Something to be aware of with regards to vSphere Replication is how we handle stopping vs pausing replication. With a pause we temporarily stop shipping differential data to the recovery site, but with a stop we completely stop the replication, remove it from the UI *and delete the recovery data*.
Let’s take a look at this.
Say we have a VM that’s replicated, in this example “TestSRV1″.
We can see the replication in the “Outgoing Replications” tab, everything is looking good. We can go take a look at the recovery site datastore to see what files are there.
A bit of explanation of key files:
- TestSRV1.vmdk : The target disk file to which we are ultimately committing the replications.
- hbrdisk.RDID….vmdk: The current redo log that is complete as of the last replication
- hbrcfg…vmx(f): The shadow VMX files that will be ‘promoted’ to the full config files when we do our restore
If we right-click on the replication in the VR service, we have the options to Reconfigure, Pause, Sync, or Stop replication. If we choose to stop, we are prompted to make *sure* we want to stop:
So let’s say we stop… what happens? Well, VR will disable the replication, and “Unconfigure” it. We can see that in the “Recent Tasks” section of the interface as we commit this action. The replication then disappears outright from our VR monitor
Great, so we’ve stopped replication, but what does this mean? Well “Unconfigure” means completely unconfigure – including wiping out all the files in the target directory that it created for the replication at the recovery location. Notice that while the directory remains behind, all our files therein are gone:
So be very careful doing a “Stop”. Often a pause will be much handier for normal actions. Even if you wipe out the primary disk file while it’s paused, the replica stays there in place, and is ready to be recovered. If the primary gets annihilated, it will eventually hit an RPO violation state, but as long as the replication is still configured and not stopped, you can still recover the VM.

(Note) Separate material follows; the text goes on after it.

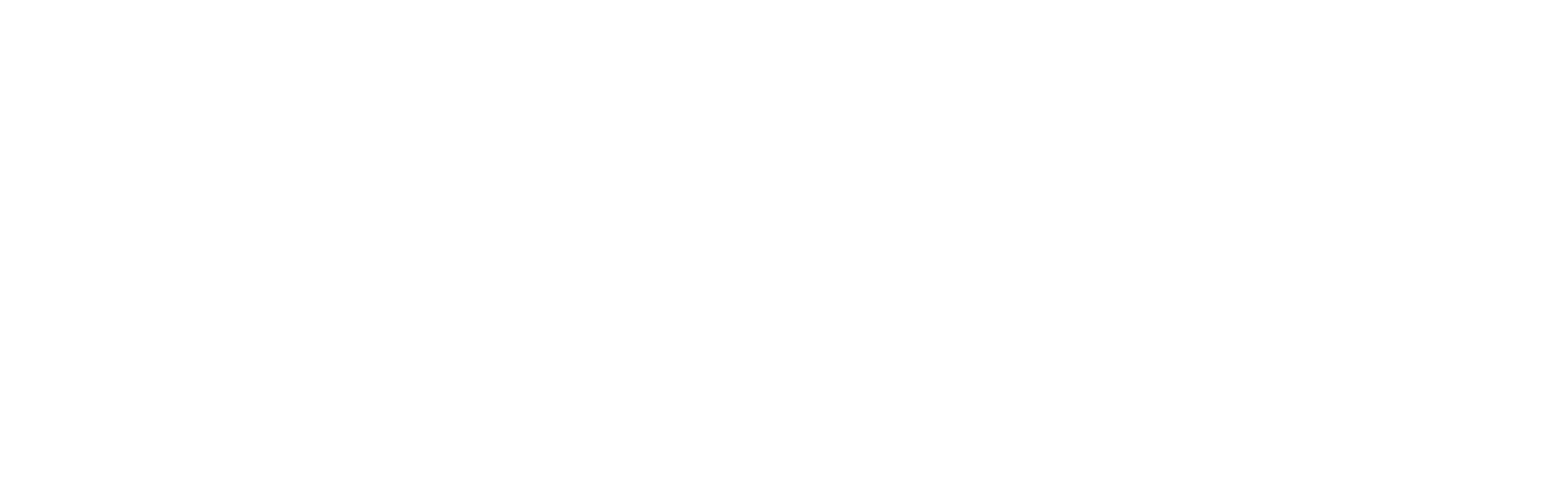 National_Cybersecurity_Alliance_white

So my best practice is this: Even if you think you’re going to get rid of a replicated VM, use pause and only “Stop” the replication after you’re completely sure you’re done with the replica, as “Stop” is an unrecoverable action.
There’s always the ability, mind you, to copy the target VMDK to another location, while the replication is paused, and use it as a seed for replication if you think you might need to restart it again at some point.
*** Post Script ***
My esteemed colleague Mr Dilworth pointed out to me that I should clarify how this is handled in SRM vs. using vSphere Replication on its own. With SRM the interface for replication is handled entirely through the SRM plugin in the vSphere client, and it looks a little bit different:
As you can see, within SRM stopping the replication is titled “Remove Replication” which is probably a touch more informative. The behaviour is the same as outlined above, though: We are completely removing the replication and its replica files, including the config file for the replication itself with the RPO, VSS quiescing policy, etc. This means again, recreating the replication will require setting all the policies from scratch and potentially having to re-seed a copy at the recovery location if you want to save on bandwidth and time for the initial full sync.